The noise of the busy street outside the station is disorientating. I can hear snatches of conversation at distances I’m not used to, so I keep glancing over my shoulder to avoid walking into people who, it turns out, are safely well behind me. The entrance to the station is a Victorian cotton mill, an absolute cacophony of automatic gates cracking open and shut, cards slapping on turnstiles, machines bleeping, receipts tearing. I hurry past all this and into the subway tunnel. I hear more noises I can’t place. Someone is clapping, perhaps just around the corner of the tunnel. On the platform, the train announces its arrival with sound layered on sound, a rushing wave that crashes over me when it’s still at a distance before I realise I’m listening to the train pulling in on the opposite platform. The rails under the train on my side start to yelp and warble like power lines, a sound that continues as I’m buffeted by the wind onboard. I figure out that it is the wind, rushing over the songbirds in my ears and driving them a little mad. I step off the train and walk toward the exit. I hear a heavy suitcase thumping down the stairs behind me, in front of me, but it’s just footfall. Further down the tunnel, I follow a repetitive click click click like fingers snapping. I never find the source of the noise.

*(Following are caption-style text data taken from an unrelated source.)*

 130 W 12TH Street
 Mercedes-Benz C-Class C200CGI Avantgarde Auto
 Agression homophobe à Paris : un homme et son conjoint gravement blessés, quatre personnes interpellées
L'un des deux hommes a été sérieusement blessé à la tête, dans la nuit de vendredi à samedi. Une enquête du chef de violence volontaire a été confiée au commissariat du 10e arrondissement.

All the sounds I’ve been missing out on have become unfamiliar objects in my ears. My brain weighs them and turns them over and inspects them, but doesn’t know what they are. I guess it misattributes some of them, which accounts for the phantom noises, and leaves the rest unlabelled. The accumulated weight of this miscellaneous noise starts to wear me down. It’s a constant orchestra of unknowable sound above my head. I try covering my ears but that makes the songbirds squeal. I resist the urge to tear them out. I wonder if parts of my brain were liberated by the lack of sensory input and are now being press-ganged back into service by the electric songbirds in my ears, because I feel mentally exhausted and slightly nauseous. I want to call in to work sick. I decide to sit in a park for a few minutes to rest.
Someone has let a bored teenager into the Foley artist’s suite of my mind. My shoes ring like milk bottles on the paving stones. I kick a leaf and it makes a sound like a crisp packet. Birds tweet obscenely. They swoop from tree to tree and I can hear the tips of their wings pressing together. A man on the other side of the park pops the lid of a soft drink with a rifle crack. Above it all, the strange sighing rasp is still there, breaking waves of an ocean suspended above me. I reach up and pull out the songbirds. The ocean above me collapses instantly, crashes down as cotton wool, insulates me from all that unnecessary noise. Silence presses in on me. I feel swaddled and safe again.
I pull the little silver disc hearts out of my songbirds so they’ll sleep quietly inside their case. The doc says the more I wear the phones, the quicker my brain will adjust. I can’t say I’m eager to get started.